137 Über Popmusik 4 (Amy Macdonald)
Groß-Britannien ist tatsächlich vielleicht eines der unglücklichsten Länder Europas. So hat es zumindest Kardinal Kasper beim letzten Besuch 2010 von Papst Benedikt XVI. auf der Insel dargestellt.
Es gibt Gründe dafür. Der Untergang des britischen Weltreiches (The British Empire) ist noch nicht lange abgeschlossen und hat eine große Wunde im Selbstwertgefühl der Briten hinterlassen. Ähnlich den Portugiesen, deren latente Melancholie (Fado-Musik) bis in die Gegenwart hinein immer noch mit dem Untergang des Weltreiches im 16. Jahrhundert in Zusammenhang gebracht wird.

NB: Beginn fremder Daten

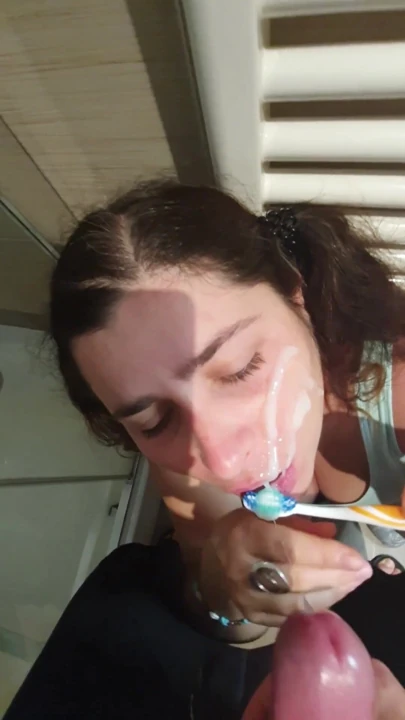 Stupid Stepdaughter Brushes Her Teeth with Cum, Stepdaddy Cheated Her | Clip 1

Dann hat Britannien nach dem 2.Weltkrieg keinen solchen Innovationsschub erhalten wie Deutschland. Es musste den Zusammenbruch der Steinkohle-und Schwerindustrie ebenfalls überstehen. Auch die sich nach dem 2.Weltkrieg entwickelnde und fast wie in der Schweiz prosperierende Finanzindustrie wurde durch die von Amerika ausgehende internationale Finanzkrise in den letzten Jahren ebenfalls wieder schwer getroffen.
Nicht zuletzt sind auch die Klassengegensätze zwischen Oben und Unten immer noch besonders ausgeprägt. Die Aristokratie erstarrt in pompös-selbstgefälligen Theater-Inszenierungen, der Mann auf der Straße bleibt ohne Geld, Arbeit und Sinn.
All dies drückt sich besonders stark in der Rockmusik aus, deren oft gutes, manchmal sogar übersteigertes textliches Niveau dank der Shazam-App ich in letzter Zeit immer wieder habe studieren und bewundern können.
Sie ist durchaus nicht mehr reine Volksverdummung, wie die linken Dogmatiker der Frankfurter Schule behauptet haben, allen voran Theodor W.Adorno oder Herbert Marcuse. Im Gegenteil. Ich denke, unter dem Einfluss von John Lennon und Bob Dylan hat sich in dieser Musikrichtung, die vielleicht an die Zeit von John Dowland nahtlos wieder anzuknüpfen vermag, ein künstlerisches Niveau samt politischem oder auch poetischem Realismus entwickelt, das viele kontinentaleuropäische Strömungen wie „Neue Musik“, Atonalität, experimenteller Avantgardismus oder auch den weiter um sich greifenden Historismus in der Opernkultur deutlich in den Schatten zu stellen vermag.
Wenn Kunst ein Leben spiegelt, wie es ist, sein sollte, sein könnte oder auch ein solches Leben diskutiert, dann ist Rockmusik durchaus Kunst, die nicht nur über das Tanzen den Körper, sondern über viele ihrer Texte auch den Geist und die Seele, vor allem auch das Gefühl anspricht. Was man von der akademischen Musiklehre meist nicht sagen kann. Selbst wenn uns bei der Analyse einer Stockhausen-Komposition der mathematische Kopf brummt.
Um auf meinen letzten Beitrag im Blog über Solipsismus zurück zu kommen: Amy Macdonald beschreibt eindringlich in ihrem Hitsong „Mr. Rock and Roll“ – ich greife wieder rein zufällig dieses Lied heraus aus meiner Sammlung – das Alleinsein, auch Allein-Bleiben-Wollen der neuzeitlichen Solipsisten unserer Zeit.
Und dass diese Zuspät-Gekommenen gerade das verpasst haben, nach dem sie ihr ganzes Leben lang vergeblich gesucht haben – den Sinn nämlich zu finden, warum es sich lohnt, dieses Leben zu leben, zu lieben. Beispielsweise indem wir ein Wir, ein Du finden können, mit dem zu leben es sich lohnt, wie ich glaube.